Great question and I applaud your courage to ask such an honest question about such a challenging issue. I too am a little bit older and have struggled with these same thoughts and questions as I was one of those who entered and left the Ann Arbor Dominicans.

I can only speak from personal experience and regrading the Dominicans specifically. As such one could consider it somewhat biased as it comes from my own personal perceptions and experiences. With that I will share and trust that you will take it with a grain of salt so-to-speak as I am sure others with similar experiences will have different perceptions.

Indeed many that enter the Ann Arbor Dominicans (SMME) do not make it through the first year, almost 50% leave over the last few years I believe. This is usually sorted out in postulancy and only one or two have left once they become novices.

Beacuse of this SMME has recently changed their format. Before, when I entered, one was a postulant right away and there was no aspirancy or extended trial so-to-speak. Now when one enters they are an aspirant for the first few months and then they become a postulant. This is a great advance for the community I believe.

Anyway, you mentioned after all the opportunities to visit, testing etc. it is surprising that so many leave. In my experience I did not have all of this. Unlike most communities SMME only offer a 24hr discernment retreat. Most communities offer a 3 day retreat at the least and up to a 6 week live in experience. A 24hr retreat is no where near long enough to fully discern one's calling to a community except in rare curcumstances.

I attended two of these 24hr retreats and fell in love with what I saw on an external level but still did not know the sisters and the internal aspects all that well. On my second retreat I was given an application and told 'to take the plunge now' or my vocation could be lost. I fell for this and applied thinking, as you said, that through the HUGE application process God would ensure I was accepted if it was meant to be or not if it was not meant to be.

Well, I was accepted and took it as God's will. Once one is accepted they attend a pre-postulant week where they live at the convent for a week. This is more like what other communities offer and very necessary for true discernment but it seems one can only attend this if they intend to enter and not before.

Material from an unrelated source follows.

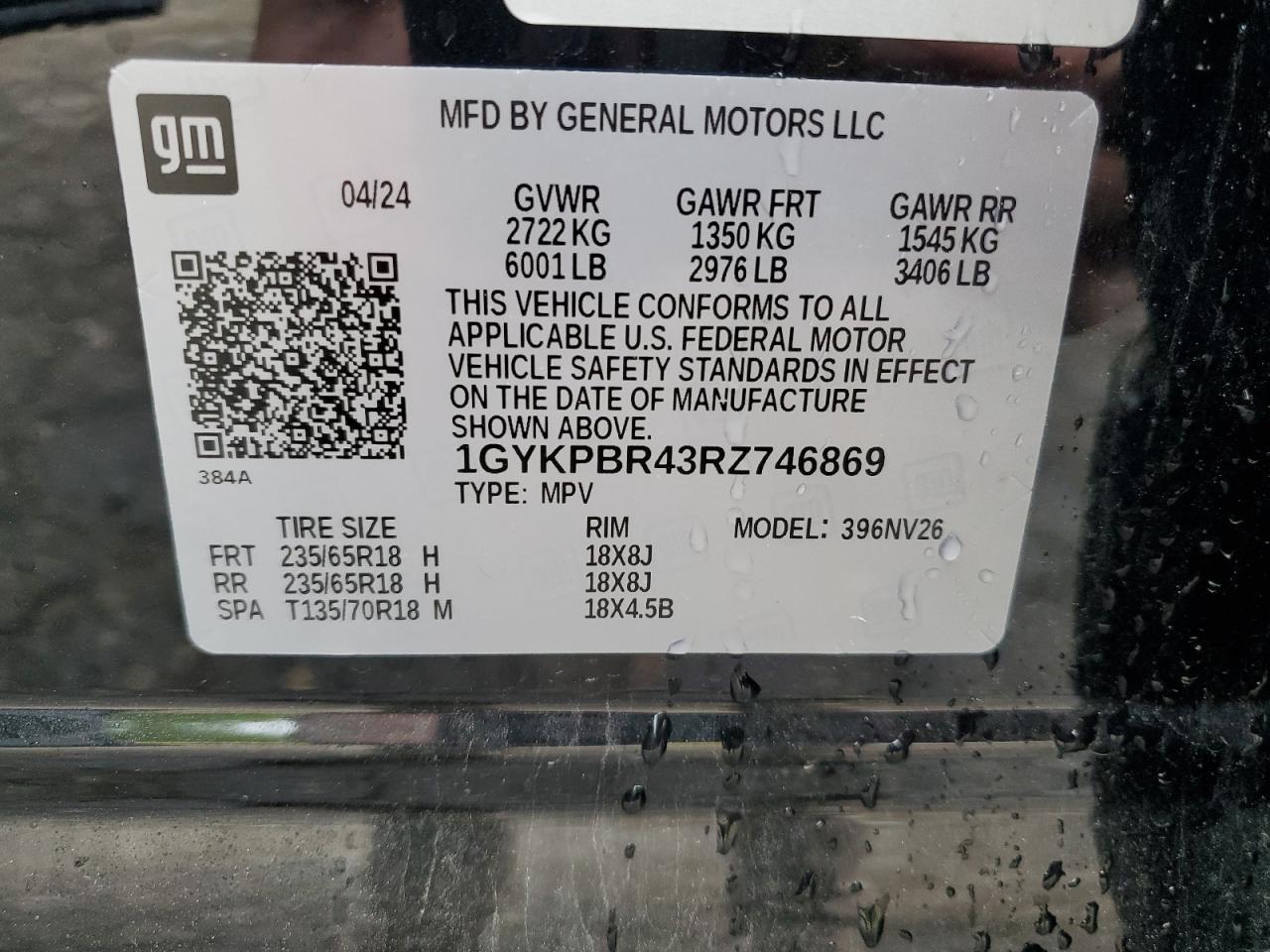 2024 Cadillac Xt6 Luxury VIN: 1GYKPBR43RZ746869 Lot: 58734475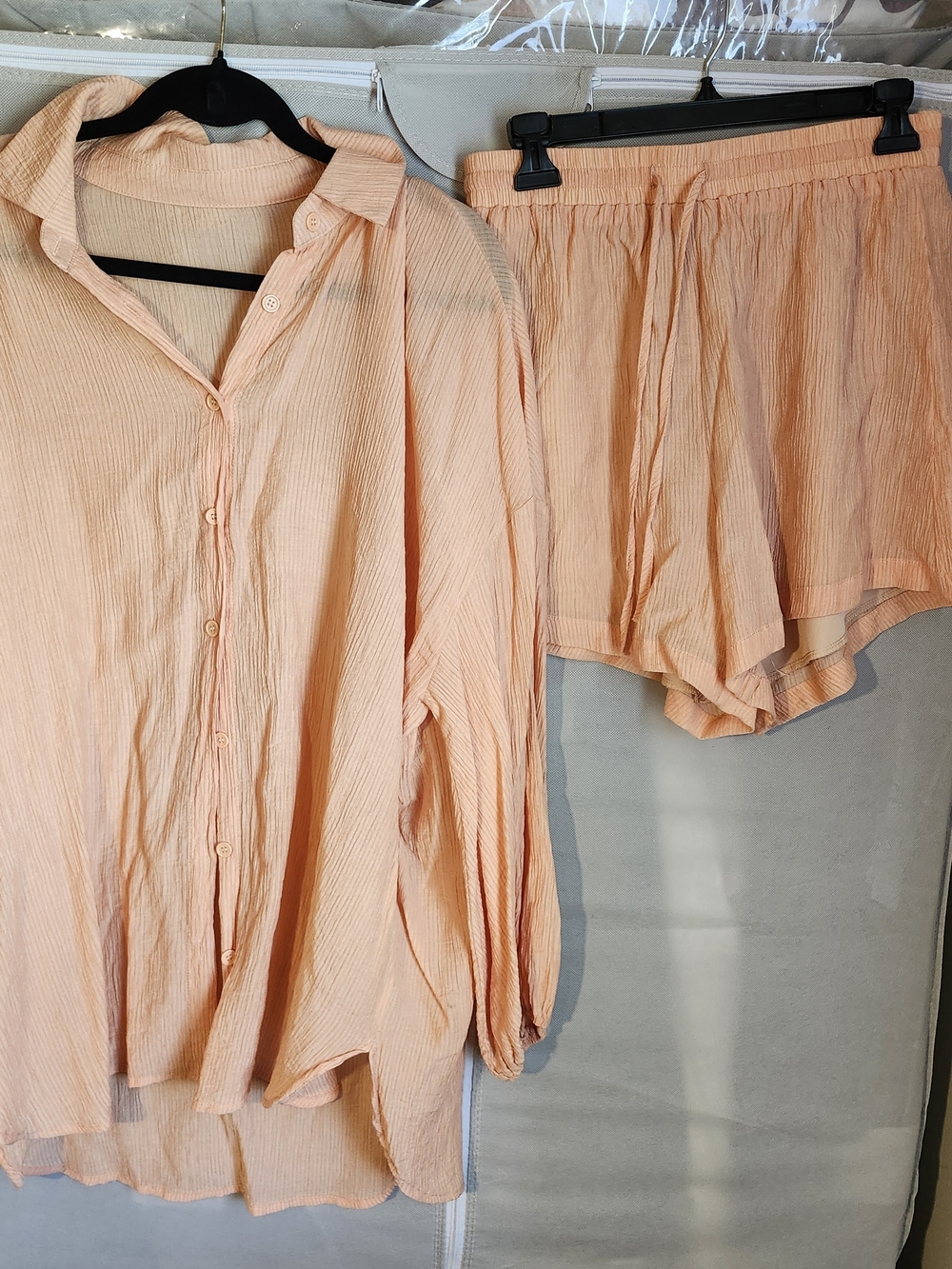 Womens Peach Crinkle Shorts - Lightweight Summer Short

During this week I had huge struggles as many of my questions were not answered and they had the approach to enter and see rather then know the details before.

I spoke to the vocation director about my struggles and doubts and said I was not ready to enter anymore and was told once again to enter or risk the loss of my vocation so I did.

I lasted four months and my original struggles only grew as did many of those I entered with. I believe I was the 4th of 6 who left in my group and I think SMME has the largest percentage of people who leave of any community.

Dont get me wrong. They are an incredible and beautiful community and if one is called there they would not have had the problems I did. I think the main problem with them is that they have a mentality of casting a huge net and taking anyone that MAY have a vocation and worry about the details of whether or not they are really called to their particular charism later. They seem to accept as many as possible and are very numbers oriented and then worry about the potential turn over later.

Most communities are the opposite in that they worry about quality and take things very slowly and hence not many leave.

That only one side of this issue. On the other side was my fault. I can now see, three years after leaving, that I did not discern very well. I was not mature, did not understand discernment, did not have a director, and kind of flew blindly into it as I wanted it so badly.

Where I am now in my discernment I would never make the same mistake. In fact I have been accepted to two other communities since leaving and I knew enough that it was not God's will and stopped myself before I made another mistake.

I am still discerning, now with the help of a director and looking forward to finding God's true will for my life!!!!!

One needs to be really 'indifferent' so to speak in that all they desire is the person of God and not the externals of a specific vocation over another vocation. Focus on the charism of an order as a start and most importantly, KNOW YOURSELF!! This is where I am now. Grace builds on nature and one needs to know their gifts, limitations, desires etc as God uses these to help show us his will.

Yes, I did doubt if I ever had a vocation after leaving and maybe at times still do. Yet it is the only constant and persistant in my life, my only source of consolation in the Ignatian sense and I am learning to attach myself to the Beloved and not any specific vocation. It can become really subtle and dangerous to get caught up in the excitment of convent shopping and to let the personal love relationship take second place.

I left for various reasons but basically I was not a right fit for the community and the community was not a right fit for me. At the time I was very immature in discernment and I did not know myself. Had I known myself I would have seen this. Yet I am profoundly grateful for the opportunity as it was life changing and I still love the SMME!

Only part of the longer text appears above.